Царь, как известно, объявил Чаадаева сумасшедшим, прислал медиков, дабы строжайше освидетельствовали. И оттого-то Пушкин, утверждают исследователи, не отправил письмо. Поэт не выступил на стороне правительства, но вступил с Чаадаевым в спор:
…у нас свое предназначение. Россия, ее необъятные пространства поглотили монгольское нашествие. Татары не посмели перейти западные рубежи, имея нас в тылу. Они откатились к родным пустыням, и христианская цивилизация была спасена.
Для достижения этой цели (спасения цивилизации) мы, оставшись христианами, вели совершенно особое существование, которое сделало нас, однако, чуждыми христианскому миру, так что нашим мученичеством… энергичное развитие Европы было избавлено от всяких препон.
Вы говорите, что источник, откуда мы черпали христианство,— нечист, что Византия достойна презрения… и т. д.
Ах, друг мой! Разве сам Иисус Христос не родился евреем? И разве Иерусалим не был притчею во языцех?..
Что касается нашей исторической ничтожности, я решительно не могу согласиться. Татарское нашествие — печальное и великое зрелище. Пробуждение России, развитие ее могущества, движение к единству (русскому, разумеется)…
А Петр Великий, который один есть целая всемирная история? А Екатерина II, которая поставила Россию на пороге Европы?
А Александр I, который привел нас в Париж?
…поспорив с вами, я должен признать, что многое в вашем послании глубоко верно. Действительно, наша жизнь — грустная вещь. Отсутствие общественного мнения, равнодушие ко всему, что является долгом, истиной, справедливостью, циническое презрение к человеческой мысли и достоинству… Вы хорошо сделали, что громко сказали об этом.
В тот же день, 19 октября 1836 года, Пушкин закончил “Капитанскую дочку” и отметил в кругу друзей лицейскую годовщину. Он читал стихи, не дописанные, как полагают исследователи, за неимением времени,— строчки внезапно обрываются, зависая, будто над пропастью:
И над землей сошлися новы тучи,
И ураган…
Из дневника Петра Павловича Каверина
27 мая 1819.
Щербинин, Олсуфьев, Пушкин — у меня в Петербурге ужинали — шампанское в лед было поставлено за сутки вперед — случайно красавица моя (для удовлетворения плотских желаний) мимо шла — ее зазвали — жар был несносный — Пушкина просили память этого вечера продолжить стихами — вот они — оригинал у меня:
Веселый вечер в жизни нашей
Запомним, юные друзья!
Шампанского в стеклянной чаше
Шипела хладная струя.
Мы пили — и Венера с нами
Сидела прея за столом…
Когда ж вновь сядем вчетвером
С блядьми, вином и чубуками?
Примечания
1. Каверину — 25 лет, Щербинину — 26, Олсуфьеву — 23. Венера — богиня (без возраста).
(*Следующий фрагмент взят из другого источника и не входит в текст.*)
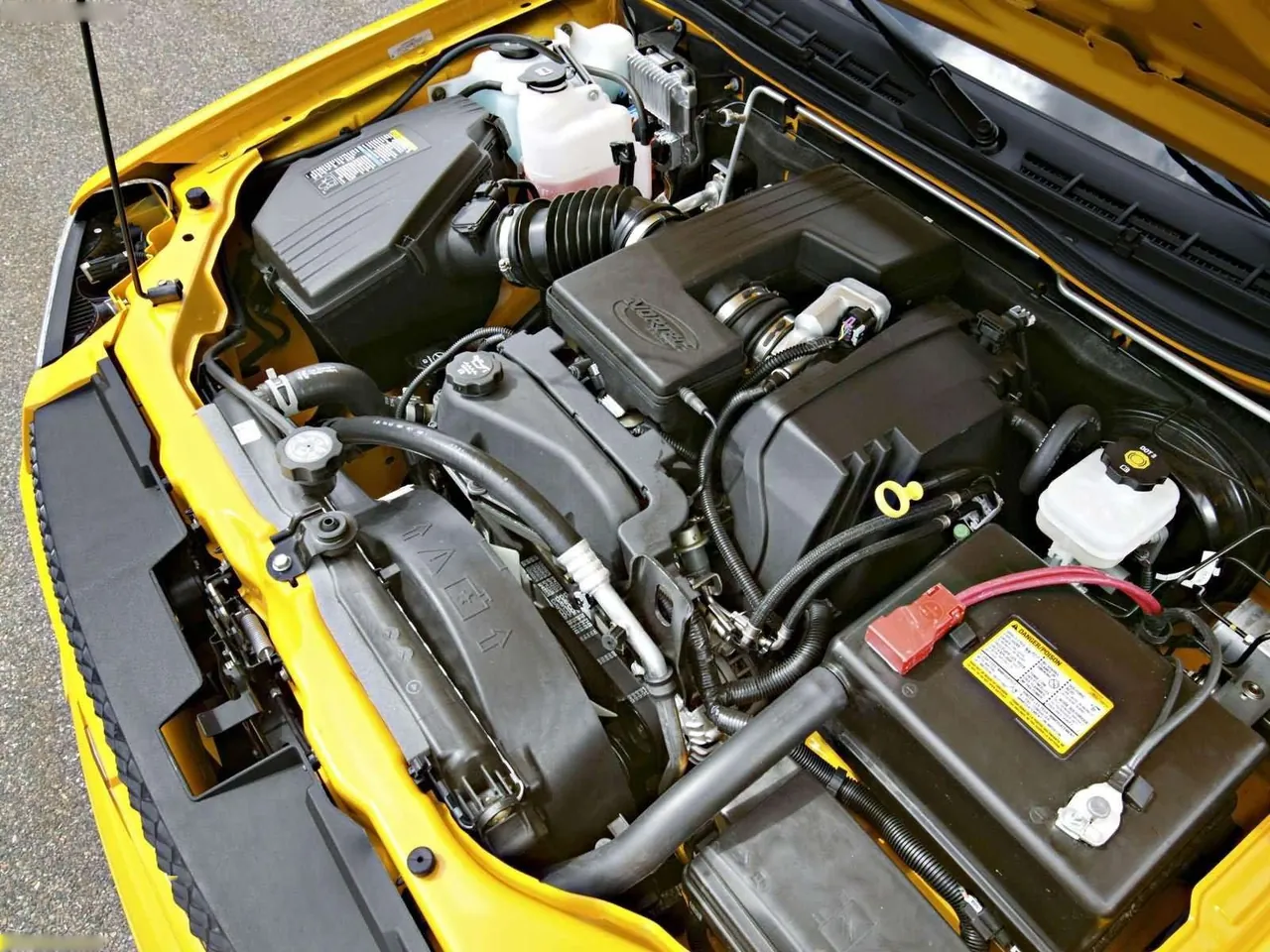 Chevrolet Colorado LS Regular Cab (2004) – motorový prostor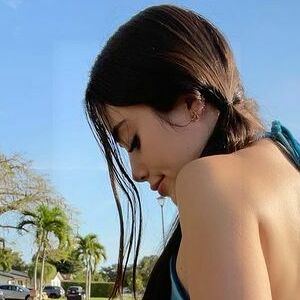 Ameli Olivera's nudes and profile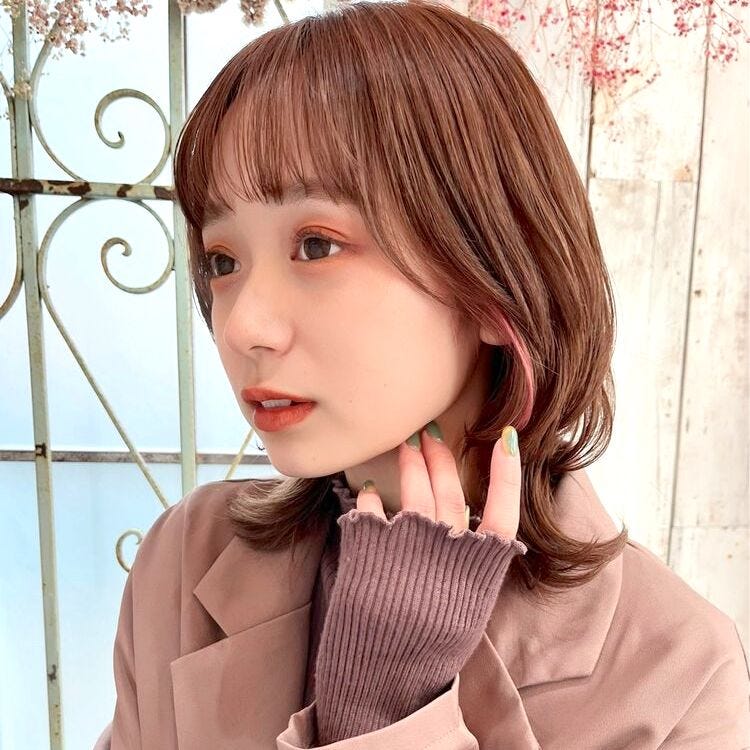 トレンドの イヤリングカラー に挑戦 ピンクがチラッと見える可愛い髪色をご紹介 モデルプレス トレンドの イヤリングカラー に挑戦 ピンクがチラッと見える可愛い髪色をご紹介 モデルプレス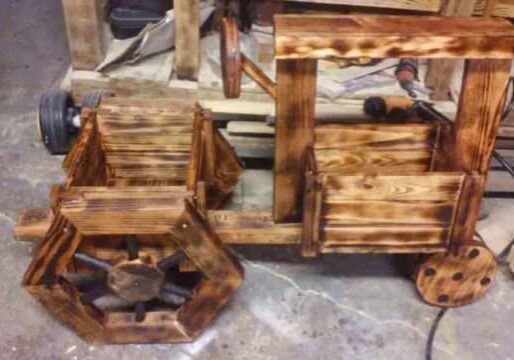 1001pallets.com-i-made-this-tractor-out-of-pallet-wood1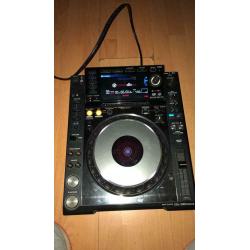 Pioneer CDJ 2000nexus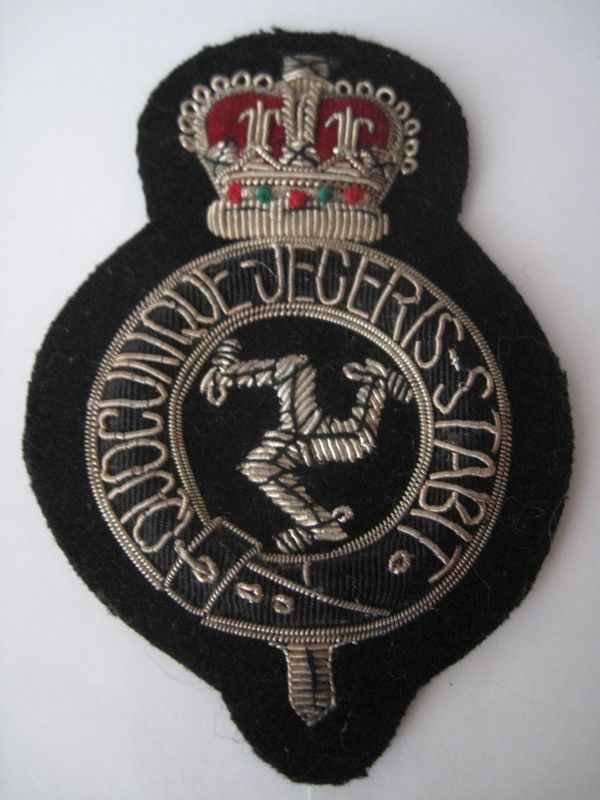 Senior Officers Cap Badge QC
Bullion Wire
Keywords: Isle Man Cap Badge Senior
И Пушкин, стало быть, самый молодой.
2. Тире, как видите, заменяло Каверину все знаки. Не в силу избыточной пылкости, а по грамматической норме. Так писал Карамзин:
Л. поцеловался со мною — поздравил с приездом — сделал два или три вопроса — и сказал…
Тире — по сути — пауза и прочерк. Указано, что нечто опущено. Об этом, наверное, не следует забывать, читая, к примеру, “Повести Белкина” и протянувши мысленно (взамен точки) тире:
Мы стояли в местечке — жизнь армейского офицера известна — утром учения, манеж — обед у полкового командира или в жидовском трактире — вечером пунш и карты.
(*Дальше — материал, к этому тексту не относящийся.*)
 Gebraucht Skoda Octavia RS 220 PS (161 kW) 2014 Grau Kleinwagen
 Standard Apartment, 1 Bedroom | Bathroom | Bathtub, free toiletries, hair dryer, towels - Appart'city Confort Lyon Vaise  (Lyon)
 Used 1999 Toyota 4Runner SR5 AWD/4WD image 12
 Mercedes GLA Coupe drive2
Каюсь, аккурат мой пращур держал местечковый трактир, наблюдая собственными глазами если не Александра Сергеевича Пушкина (лично), то уж Ивана Петровича Белкина (точно). И слышал живую речь — русскую ли, французскую, ритм которой (пульс и биение) передает на письме летящее, как стрела, тире:
Граф замолчал — таким образом, узнал я конец повести, коей начало поразило меня — с героем оной я более не встречался.
3. Разгул, или, по Пушкину, “ребяческий разврат”,— поэтическая ли сторона жизни? Пускай, вам кажется, грязная, однако ж не прозаическая. Можно до хрипоты поносить де Сада, да как ни кричи, писатель-то он романтический.
Чтобы попасть в область поэзии, надобно пересечь границу. Вот для чего у Каверина пробивается рифма:
шампанское в лед
поставлено было
за сутки вперед.
4. Минуточку! Разберемся хронологически: 27 — дневниковая запись, 26 — событие, 25 — спустили в ледник шампанское.
5. Но что такое 26 мая по старому стилю? Вспомнили, да?.. Правильно: 6 июня по-новому — день, когда родился Александр Сергеевич. И Каверин, выходит, рассказывает нам, как справил Пушкин свое двадцатилетие.